- [Directions for this task]
Every line of the material needs an exact copy, apart from the images.

START Source data

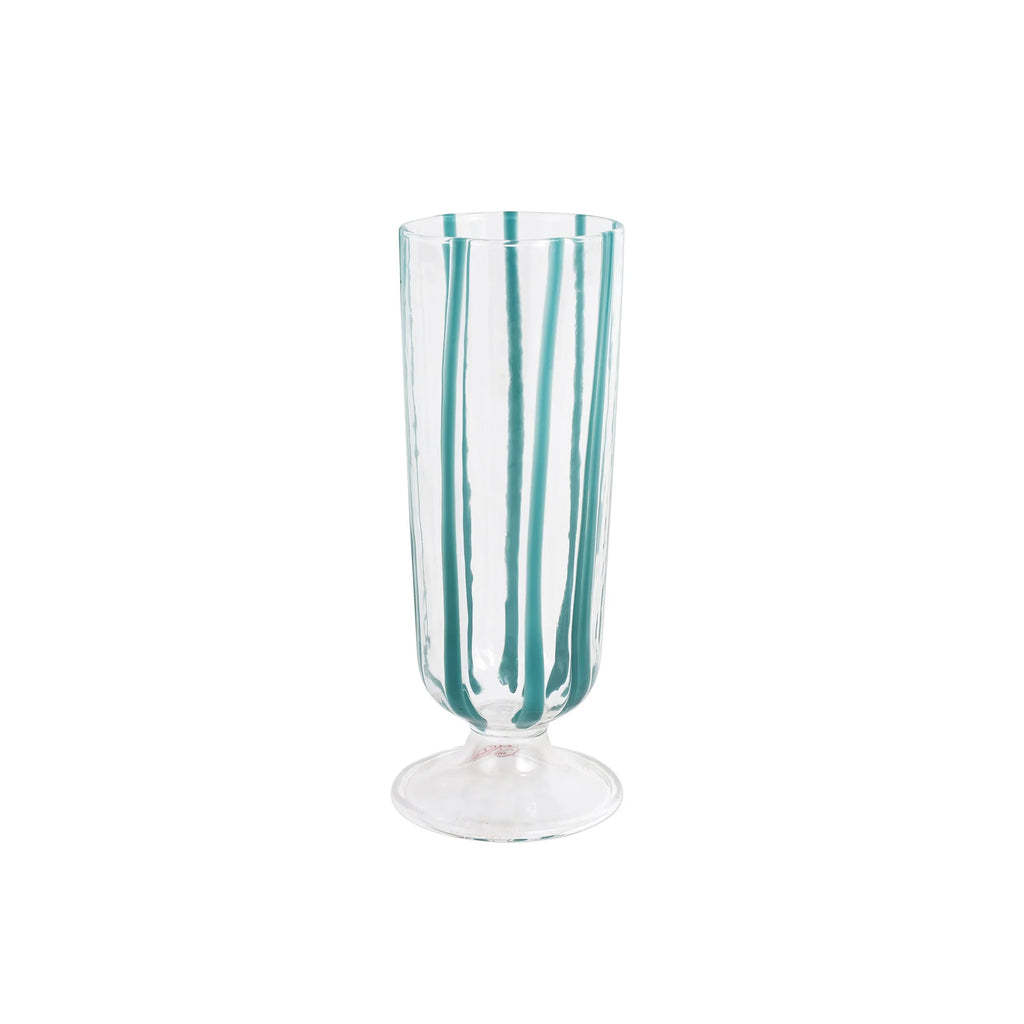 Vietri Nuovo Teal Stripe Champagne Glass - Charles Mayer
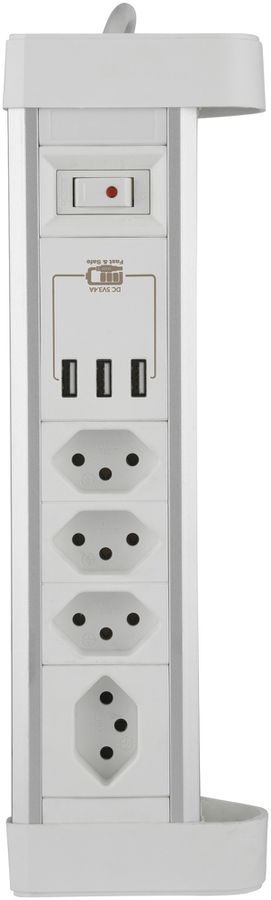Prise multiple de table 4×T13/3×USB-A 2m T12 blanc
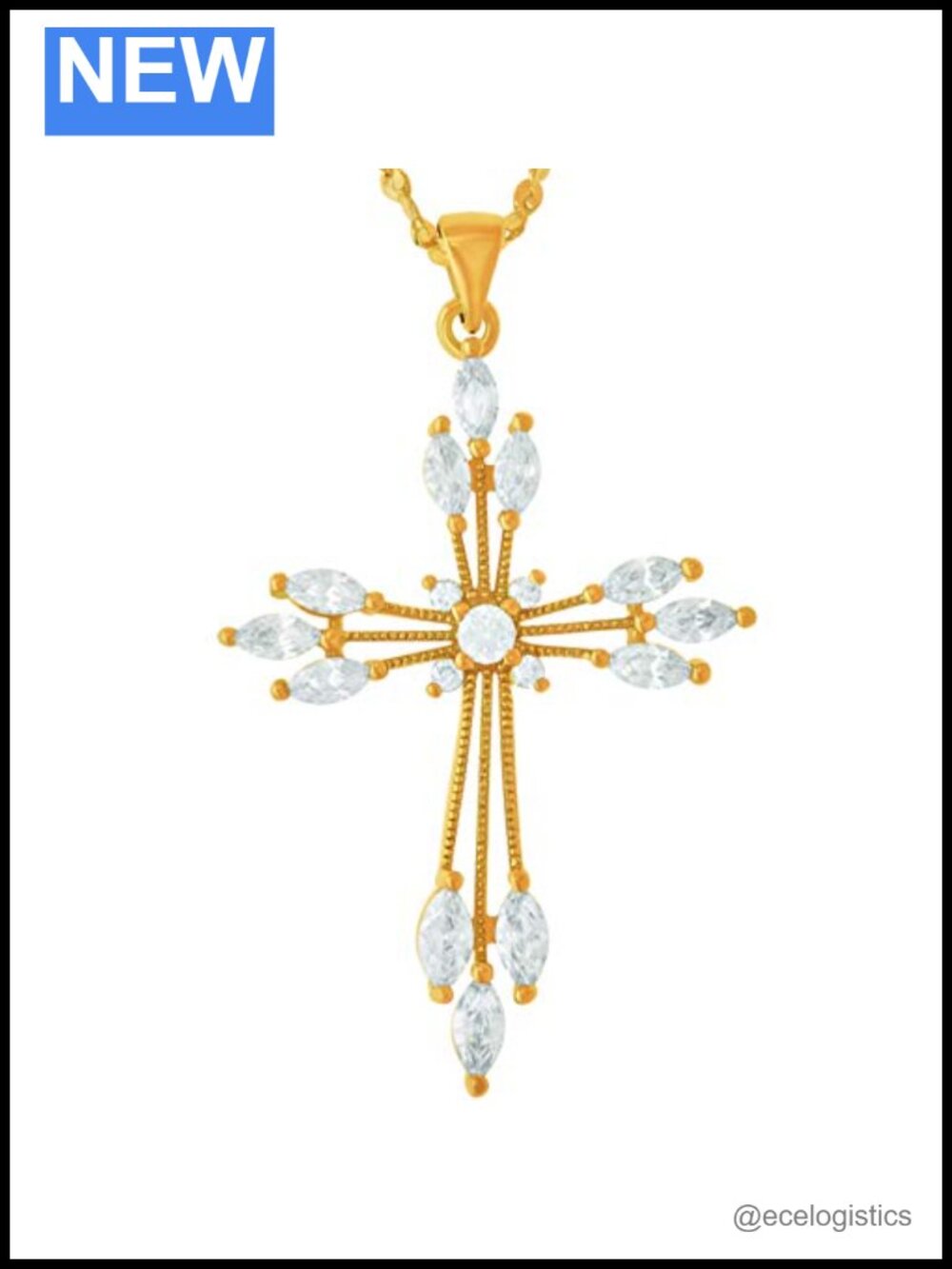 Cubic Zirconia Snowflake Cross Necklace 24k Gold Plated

END Source data

- [Response area]
 Vietri Nuovo Teal Stripe Champagne Glass - Charles Mayer
Prise multiple de table 4×T13/3×USB-A 2m T12 blanc
 Cubic Zirconia Snowflake Cross Necklace 24k Gold Plated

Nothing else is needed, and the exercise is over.